The House passed a health-care bill that will benefit first responders sickened at the World Trade Center site on 9/11.
The bill passed 268 to 160, with 13 Republicans on-board.
The bill was defeated this summer as part of a different package that required a two-thirds majority. Today's vote only required 51 percent approval to pass.
President Barack Obama has said he would sign the bill, if it reaches his desk, but the fate of the bill remains uncertain. It now goes to the Senate, where there is a slim Democratic majority.
Republicans are concerned with how the long-term medical care would be funded. They say say the bill is another big-government entitlement program that would boost taxes and kill jobs.
The expected cost of the program is $7.4 billion.
Rep. Charles Boustany of Louisiana says Republicans would've supported the bill, but disagreed with covering the cost by adding a payroll tax for certain overseas companies.
"This tax increase will make it less attractive for many of these 'in-sourcing' companies to initiate or expand operations here in the United States.
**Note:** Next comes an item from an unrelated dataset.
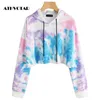 Kvinnor Hoodies Sweatshirts Athvotar Women Printed Hoodie Sweatshirt Fashion Tie Dye Casual Sports Pullover Winter Extern Wear Hoodies Sweatshirts Women 230220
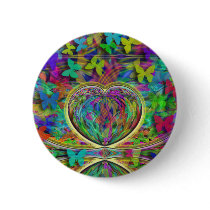 Heart Butterfly Button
Potentially encouraging them to ship these jobs overseas," Boustany says.
Republicans offered to make an amendment that would pay for the bill by delaying or eliminating many of the measures in the landmark health-care bill passed earlier this year. Local Congressman Anthony Weiner calls that move a non-starter. "You want to re-litigate the health-care bill? OK, we're going to get to do that the first Tuesday of November. People are going to be talking was the health-care bill a good bill or a bad bill? Let's do that later. Let's do the politics later. Let's do the right thing now," he says.
Joesph Zadroga, the father of the late James Zadroga, whom the bill was named for, says he was overjoyed when the bill finally passed. "I literally had tears in my eyes," he says. "Hopefully after we get through the Senate that the first responders are going to get the health care and the compensation that they're due," Zadroga says.
James Zadroga, was an an NYPD officer on 9/11. He died of respiratory disease 5 years after working rescue and recovery at the World Trade Center site.